### Given information
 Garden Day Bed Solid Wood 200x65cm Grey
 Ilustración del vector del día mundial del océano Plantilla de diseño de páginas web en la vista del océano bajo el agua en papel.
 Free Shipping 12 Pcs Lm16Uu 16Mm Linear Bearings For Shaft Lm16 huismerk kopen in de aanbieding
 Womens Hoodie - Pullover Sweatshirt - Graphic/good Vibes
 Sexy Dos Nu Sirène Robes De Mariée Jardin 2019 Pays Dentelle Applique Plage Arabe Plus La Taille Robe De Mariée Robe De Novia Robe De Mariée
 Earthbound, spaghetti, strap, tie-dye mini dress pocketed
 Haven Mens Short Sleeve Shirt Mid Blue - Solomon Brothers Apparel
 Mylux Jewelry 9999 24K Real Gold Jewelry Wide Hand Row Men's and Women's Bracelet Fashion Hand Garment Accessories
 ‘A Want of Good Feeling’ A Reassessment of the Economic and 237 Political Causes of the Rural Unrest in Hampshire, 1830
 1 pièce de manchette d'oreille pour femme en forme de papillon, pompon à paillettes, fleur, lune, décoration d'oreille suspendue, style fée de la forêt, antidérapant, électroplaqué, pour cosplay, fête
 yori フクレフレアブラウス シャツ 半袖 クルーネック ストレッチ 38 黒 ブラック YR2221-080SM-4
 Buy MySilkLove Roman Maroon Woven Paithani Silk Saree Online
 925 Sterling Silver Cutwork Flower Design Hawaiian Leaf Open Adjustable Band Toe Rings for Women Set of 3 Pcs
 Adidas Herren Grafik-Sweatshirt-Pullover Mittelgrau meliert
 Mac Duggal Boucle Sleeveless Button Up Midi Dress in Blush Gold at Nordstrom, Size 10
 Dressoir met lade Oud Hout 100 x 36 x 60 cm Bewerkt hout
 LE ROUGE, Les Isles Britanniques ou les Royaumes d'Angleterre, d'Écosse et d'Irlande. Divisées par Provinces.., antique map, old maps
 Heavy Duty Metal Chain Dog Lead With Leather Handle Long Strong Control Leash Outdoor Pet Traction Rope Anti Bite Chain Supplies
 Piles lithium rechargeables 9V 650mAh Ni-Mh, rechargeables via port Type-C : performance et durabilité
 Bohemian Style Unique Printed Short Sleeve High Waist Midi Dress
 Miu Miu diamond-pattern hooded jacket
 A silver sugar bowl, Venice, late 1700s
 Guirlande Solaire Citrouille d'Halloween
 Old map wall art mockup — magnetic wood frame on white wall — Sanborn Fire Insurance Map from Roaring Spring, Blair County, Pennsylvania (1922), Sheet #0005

### Task requirements
The answer must be a verbatim transcription of the entries above, from the first line through the line that contains "Mylux Jewelry 9999", and nothing more.

### Result
 Garden Day Bed Solid Wood 200x65cm Grey
 Ilustración del vector del día mundial del océano Plantilla de diseño de páginas web en la vista del océano bajo el agua en papel.
 Free Shipping 12 Pcs Lm16Uu 16Mm Linear Bearings For Shaft Lm16 huismerk kopen in de aanbieding
 Womens Hoodie - Pullover Sweatshirt - Graphic/good Vibes
 Sexy Dos Nu Sirène Robes De Mariée Jardin 2019 Pays Dentelle Applique Plage Arabe Plus La Taille Robe De Mariée Robe De Novia Robe De Mariée
 Earthbound, spaghetti, strap, tie-dye mini dress pocketed
 Haven Mens Short Sleeve Shirt Mid Blue - Solomon Brothers Apparel
 Mylux Jewelry 9999 24K Real Gold Jewelry Wide Hand Row Men's and Women's Bracelet Fashion Hand Garment Accessories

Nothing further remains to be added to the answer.